Port operations are back to normal after the ship left Wednesday, Tacoma police detective Brad Graham said.

The eight-wheeled Strykers, along with 700 other vehicles and equipment, are being shipped to Iraq in advance of the 4th Brigade, 2nd Infantry Division, a Fort Lewis-based Stryker Combat Team heading to the country next month.

War foes protested while the equipment was loaded onto the USNS Soderman, resulting in the arrest of 37 people since March 5, including 23 arrested Sunday for crossing a barricade or bringing backpacks into a security area.

Olympia: Lawmakers may cancel ‘08 primary

State lawmakers may cancel Washington’s 2008 presidential primary, an election that some say is expensive and meaningless since the state’s parties rely heavily on caucuses in deciding whom to support as presidential nominees.

The state’s presidential primary was created in 1989 through an initiative to the Legislature.
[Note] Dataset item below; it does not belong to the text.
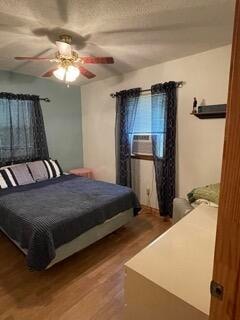 bedroom with ceiling fan, cooling unit, and hardwood / wood-style flooring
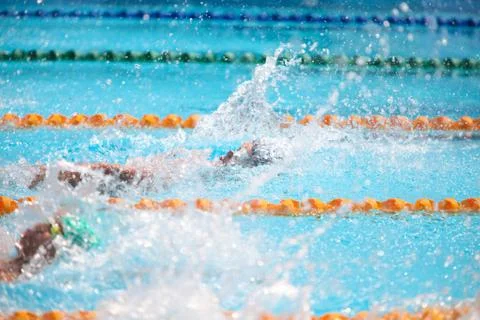 Blurry background of splash drop water on swimming race with swimming competi Stock Photos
State Democrats have ignored it; state Republicans have used its results in varying degrees in allocating delegates who support a particular candidate.

Rep. Sam Hunt, D-Olympia and main sponsor of the bill to cancel the primary in 2008, said he’s not opposed to the idea of the primary, but doesn’t see its merits in its current form – especially since there is a $9.7 million price tag attached to it.

Vancouver: Harding displays erratic behavior

Former Olympic skater Tonya Harding told sheriff’s deputies she thought people were trying to break into her home and had followed her to a towing station, behavior that her agent attributed to an adverse reaction to allergy medication.

The incident, which did not generate an official police report, was outlined in a Clark County sheriff’s dispatch log detailing two separate calls relating to Harding’s erratic behavior early Sunday.

The log did not indicate that Harding was on any medication, Sgt. Tim Bieber said Thursday.

“I don’t know from the call whether she was hallucinating,” he said, noting that if that had been the case, deputies typically take people to the hospital involuntarily.

“There’s no indication in the log that she was on any medication,” he added.

Harding called authorities around 4:50 a.m. Sunday from Yacolt Towing to report that there were possibly four men and a woman trying to break into her residence northeast of Vancouver, Bieber said. She also said they were trying to stash weapons on her property.